Wednesday, March 2nd, 2011

The most valuable part of your education may not be your expertise on Heidegger, your supreme writing skills or your ability to navigate your way through four years of classes and requirements without an ounce of help from your academic advisor.

momaatnight

It might just be your student ID. At least it is at MoMA. With the exception of Tuesdays when the museum is closed, there are film screenings and events every evening, and they’re free with your handy dandy, otherwise relatively useless little piece of plastic.

Evenings at MoMA are a world apart from the museum’s daytime atmosphere. There are no tourists, no echoes of people screaming in Yoko Ono’s scream exhibit, no constant blinding from everyone’s camera flash going off. After dark and in the film screening section of the museum, MoMA is transformed into a place for New Yorkers only. You’re in with the in crowd, and for us, it’s free.

Most screenings at MoMA go beyond the usual realm of sit, watch and leave. Many films have their American premiere at MoMA, or have a director’s talk as well, or are shown in correlation with one of the museum’s art exhibits. Late last year in a series called “The Contenders” they showed the big Hollywood films that might be nominated for the Oscars. Since November and until March 7 the “Weimar Cinema, 1919-1933: Daydreams and Nightmares” series shows films from the influential German era of filmmaking. “Modern Mondays,” which happen almost every Monday, show innovative film makers and video artists.

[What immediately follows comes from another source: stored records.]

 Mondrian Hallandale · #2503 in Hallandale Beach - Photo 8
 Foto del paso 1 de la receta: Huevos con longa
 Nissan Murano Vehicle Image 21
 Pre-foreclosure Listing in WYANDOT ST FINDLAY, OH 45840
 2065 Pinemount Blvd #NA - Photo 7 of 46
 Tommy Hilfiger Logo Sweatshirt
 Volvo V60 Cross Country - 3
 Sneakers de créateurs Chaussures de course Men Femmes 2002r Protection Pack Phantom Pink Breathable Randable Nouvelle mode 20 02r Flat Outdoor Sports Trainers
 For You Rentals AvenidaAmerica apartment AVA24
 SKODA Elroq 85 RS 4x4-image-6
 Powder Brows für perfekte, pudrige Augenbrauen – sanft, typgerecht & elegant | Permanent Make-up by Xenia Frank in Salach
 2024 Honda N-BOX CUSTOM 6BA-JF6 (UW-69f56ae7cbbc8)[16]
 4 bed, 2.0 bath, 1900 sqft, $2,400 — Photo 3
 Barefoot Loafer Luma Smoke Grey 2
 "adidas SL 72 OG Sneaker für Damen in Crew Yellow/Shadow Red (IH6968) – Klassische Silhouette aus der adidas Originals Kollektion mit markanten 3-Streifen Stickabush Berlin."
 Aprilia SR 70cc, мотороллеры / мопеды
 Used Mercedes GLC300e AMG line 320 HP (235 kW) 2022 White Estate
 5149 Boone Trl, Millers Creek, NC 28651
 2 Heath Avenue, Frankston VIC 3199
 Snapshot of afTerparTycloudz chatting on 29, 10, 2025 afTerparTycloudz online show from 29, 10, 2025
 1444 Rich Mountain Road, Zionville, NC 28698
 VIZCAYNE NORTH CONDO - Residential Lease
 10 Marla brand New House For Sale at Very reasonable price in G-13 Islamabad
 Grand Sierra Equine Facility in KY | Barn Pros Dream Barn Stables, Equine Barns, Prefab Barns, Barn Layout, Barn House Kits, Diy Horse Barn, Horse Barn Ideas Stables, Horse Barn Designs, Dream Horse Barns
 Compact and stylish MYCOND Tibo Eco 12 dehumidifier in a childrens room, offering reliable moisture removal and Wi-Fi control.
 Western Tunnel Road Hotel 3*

Recently there was a performance by Joana Hadjithomas and Khalil Joreige, the directors of the film “A Perfect Day.” After getting my free ticket, I turned the corner to find a crowd of familiar on-screen faces and none other than Valentino himself walking down an indoor red carpet. Coming straight from school looking like the typical grungy Lang student, I only wished that I had washed my hair that week. The celebs were attending a different event, which was just fine because Hadjithomas and Joreige’s performance remains on my list of top New York experiences. The performance was a lesson in politics, religion and coincidence. The directors took the audience through their tumultuous journey of making a film with reference to death in a culture that is so desperately afraid of dying.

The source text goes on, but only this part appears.